Once you reach the line with "Sanborn Fire Insurance", copy it and every line after it exactly, up to the end of the data. Omit the pictures.

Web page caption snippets

== Segment start ==

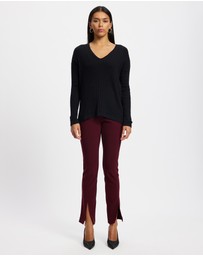 Lindsay Nicholas New York - V-Neck Cable Sweater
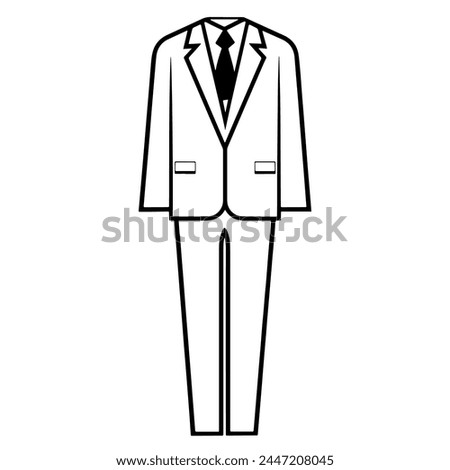 Simplified illustration of a business suit in vector format, versatile for various projects.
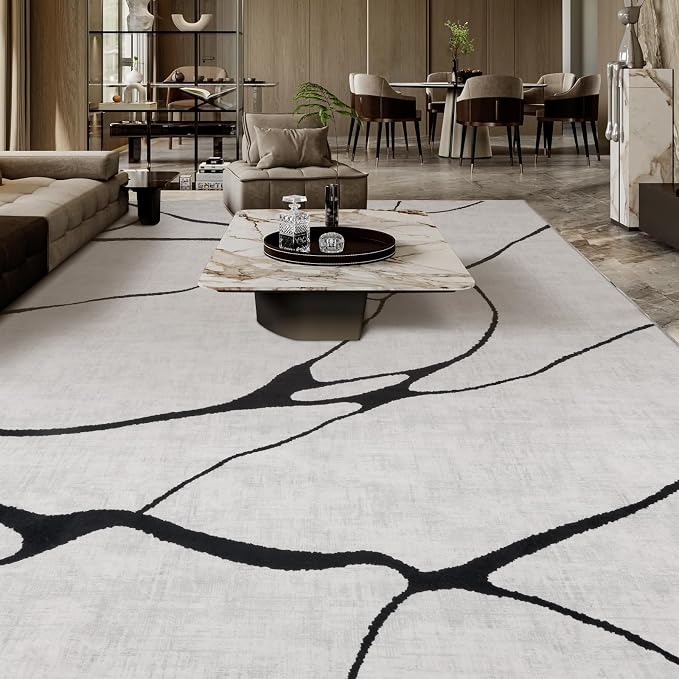 9x12 Washable Modern Abstract Black White Area Rug | Ultra-Thin Low Pile, Non-Slip TPE Backing, Soft Stain Resistant, Machine Washable, for Hallway Entryway Laundry High Traffic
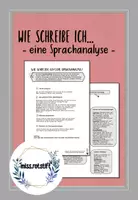 Vorschau - Merkblätter - Wie schreibe ich... eine Sprachanalyse - Deckblatt
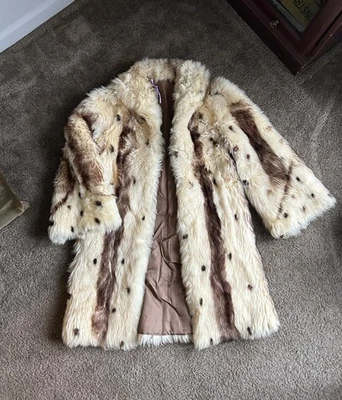 Abrigo de piel de lince manchado/veja cimarrón de colección chaqueta grande de lujo para esposa de la mafia Foto 1 de 4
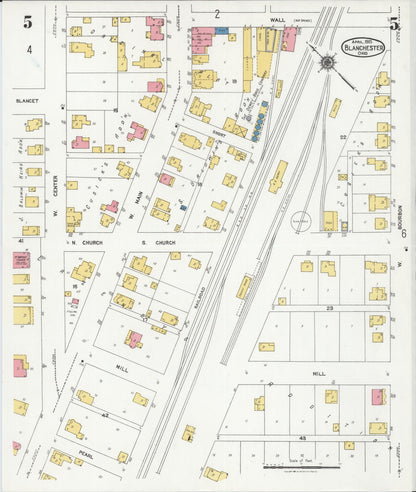 Sanborn Fire Insurance Map from Blanchester, Clinton County, Ohio (1925), Sheet #0005 - Complete Map Set gallery image, historic Sanborn map, vintage wall art, Ohio Ohio
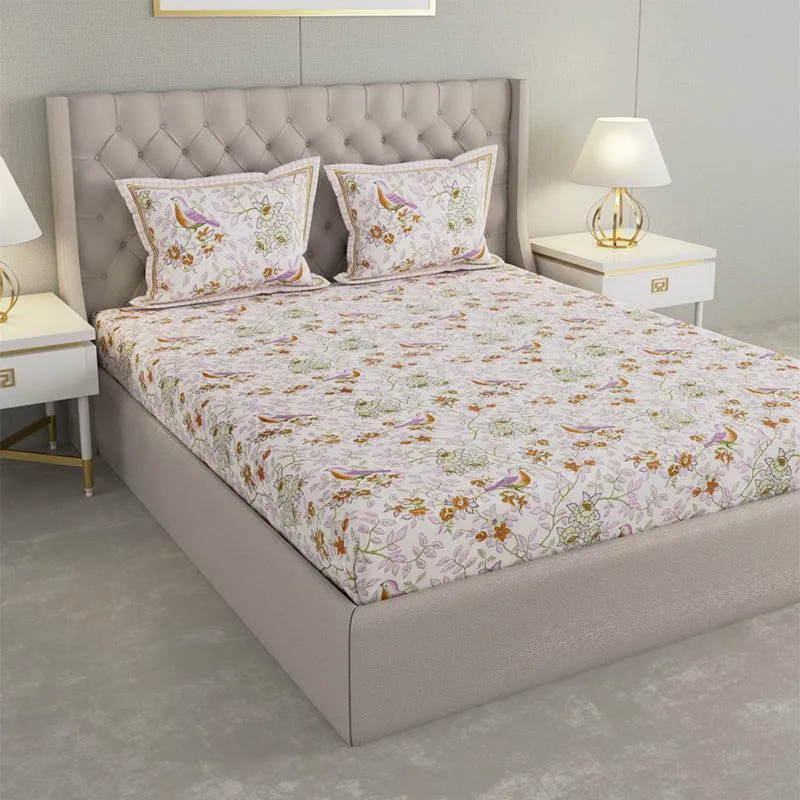 Radhika Printed Cotton Bedsheet (White) - 240 TC media 1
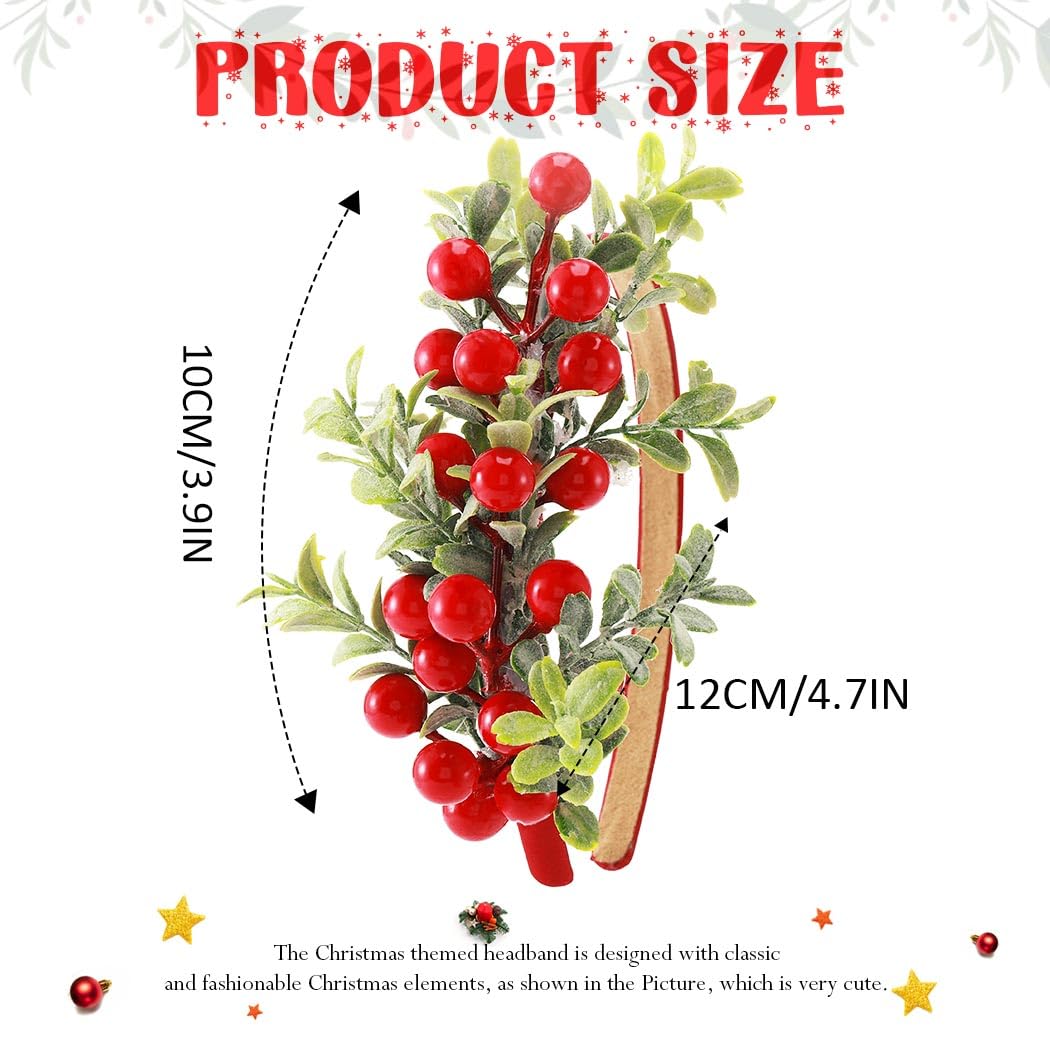 GORTIN Christmas Headbands Xmas Flower Headband Red Berries Hair Hoop Snow Christmas Wreath Hair Band Holiday Party Costume Hair Accessory for Women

== Segment end ==

[Solution to the problem]
 Sanborn Fire Insurance Map from Blanchester, Clinton County, Ohio (1925), Sheet #0005 - Complete Map Set gallery image, historic Sanborn map, vintage wall art, Ohio Ohio
 Radhika Printed Cotton Bedsheet (White) - 240 TC media 1
 GORTIN Christmas Headbands Xmas Flower Headband Red Berries Hair Hoop Snow Christmas Wreath Hair Band Holiday Party Costume Hair Accessory for Women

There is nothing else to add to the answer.